Question

If (-1,-1) is the point of intersection of the pair of lines \(2x^2+5xy-3y^2+2gx+2fy+c=0\) then g+f=

• A. 4c
• B. 3c
• C. 2c
• D. c

Hint:

The coordinates of the point of intersection of the pair of lines \(ax^2 + 2hxy + by^2 + 2gx + 2fy + c = 0\) can be found by solving the simultaneous equations obtained by partial differentiation with respect to x and y. Also, the intersection point must satisfy the original equation itself.

Answer 1

The Correct Option is D

The equation is given as \(2x^2+5xy-3y^2+2gx+2fy+c=0\). This matches the standard form \(ax^2 + 2hxy + by^2 + 2gx + 2fy + c = 0\), where \(a=2, 2h=5, b=-3\).
The point of intersection \( (x_0, y_0) = (-1, -1) \) must satisfy the equation.
Substituting the point into the equation:
\(2(-1)^2 + 5(-1)(-1) - 3(-1)^2 + 2g(-1) + 2f(-1) + c = 0 \).
\(2(1) + 5(1) - 3(1) - 2g - 2f + c = 0 \).
\(2 + 5 - 3 - 2g - 2f + c = 0 \).
\(4 - 2g - 2f + c = 0 \).
\(4 - 2(g+f) + c = 0 \).
The point of intersection also satisfies the partial derivative equations:
\(\frac{\partial F}{\partial x} = 4x + 5y + 2g = 0\).
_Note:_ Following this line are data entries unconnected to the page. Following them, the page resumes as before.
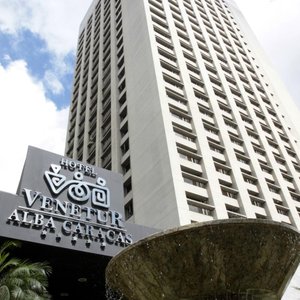 Fachada del Hotel Venetur Alba Caracas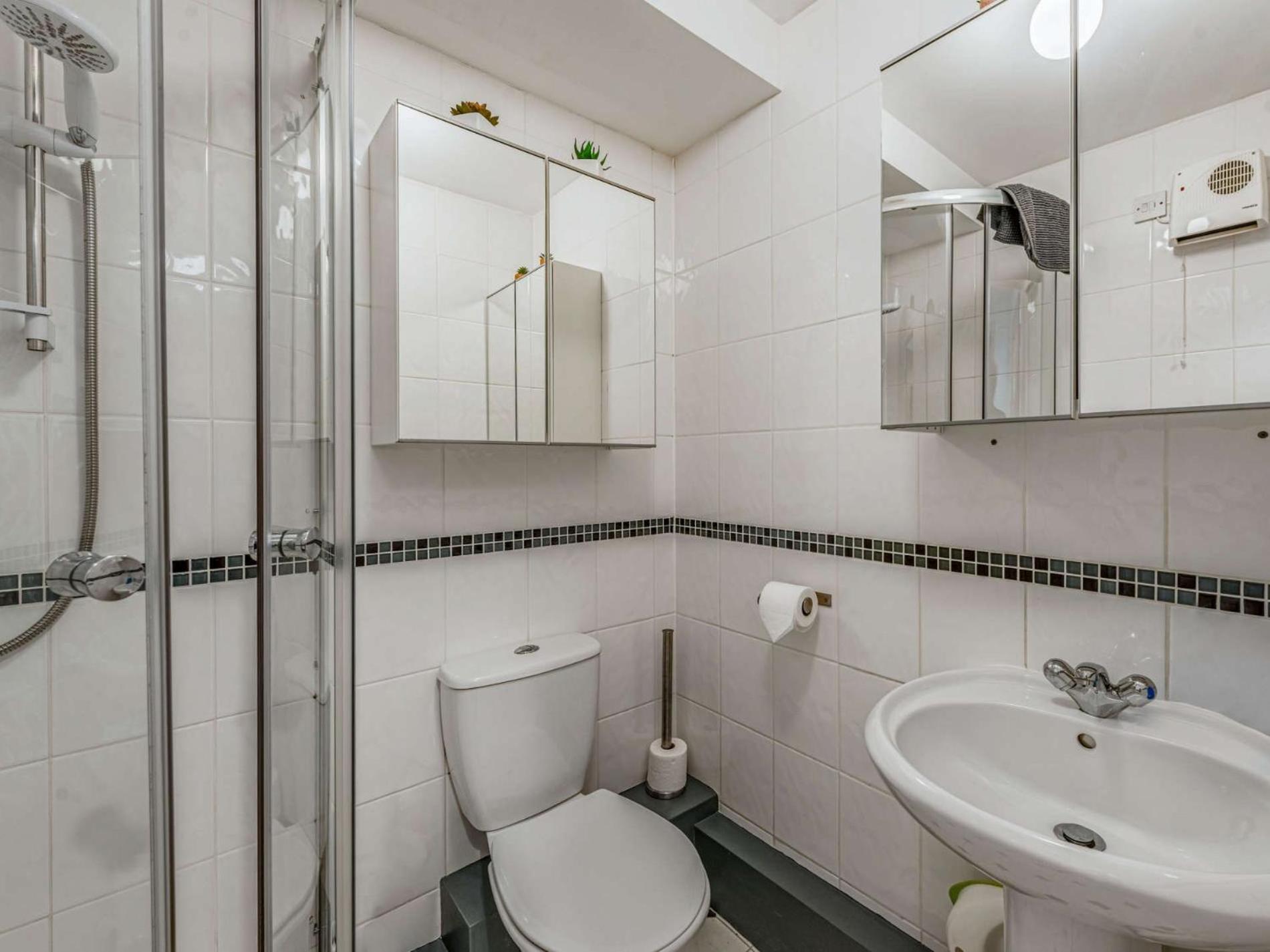 1 Bed In Fb056 Tenby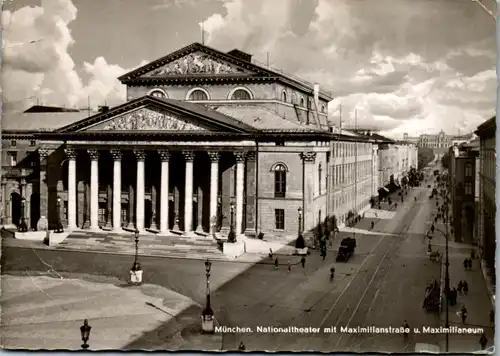 12412 - Deutschland - München , Nationaltheater mit Maximilianstraße u. Maximilianeum - gelaufen 1954
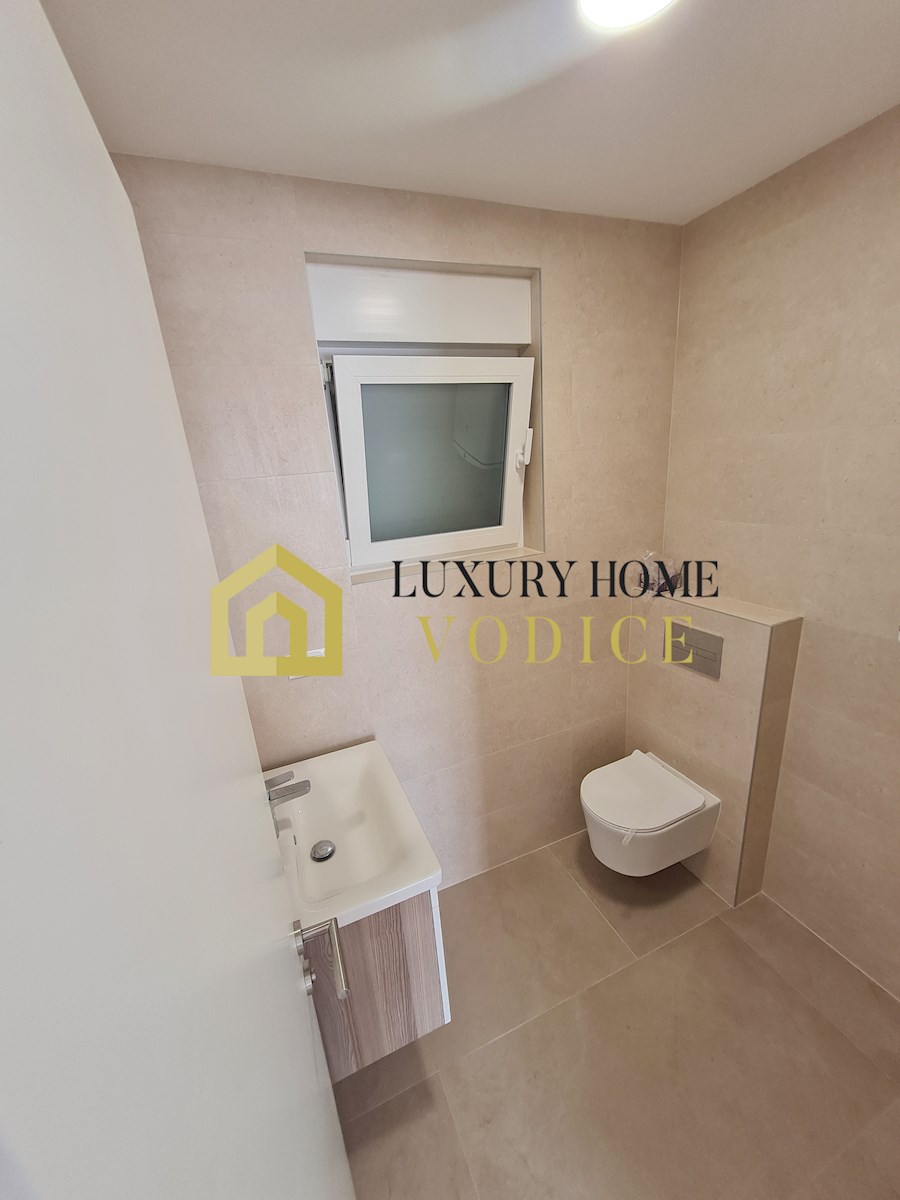 Flat For sale - ŠIBENSKO-KNINSKA VODICE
At (-1,-1): \(4(-1) + 5(-1) + 2g = 0 \implies -4-5+2g=0 \implies 2g=9 \implies g=9/2\).
\(\frac{\partial F}{\partial y} = 5x - 6y + 2f = 0\). At (-1,-1): \(5(-1) - 6(-1) + 2f = 0 \implies -5+6+2f=0 \implies 1+2f=0 \implies f=-1/2\).
Let's check the relation we found: \(4 - 2(g+f) + c = 0\).
\(g+f = 9/2 - 1/2 = 8/2 = 4\).
Substituting this into the relation: \(4 - 2(4) + c = 0 \implies 4 - 8 + c = 0 \implies c=4\).
We found \(g+f=4\) and \(c=4\). Therefore, \(g+f=c\).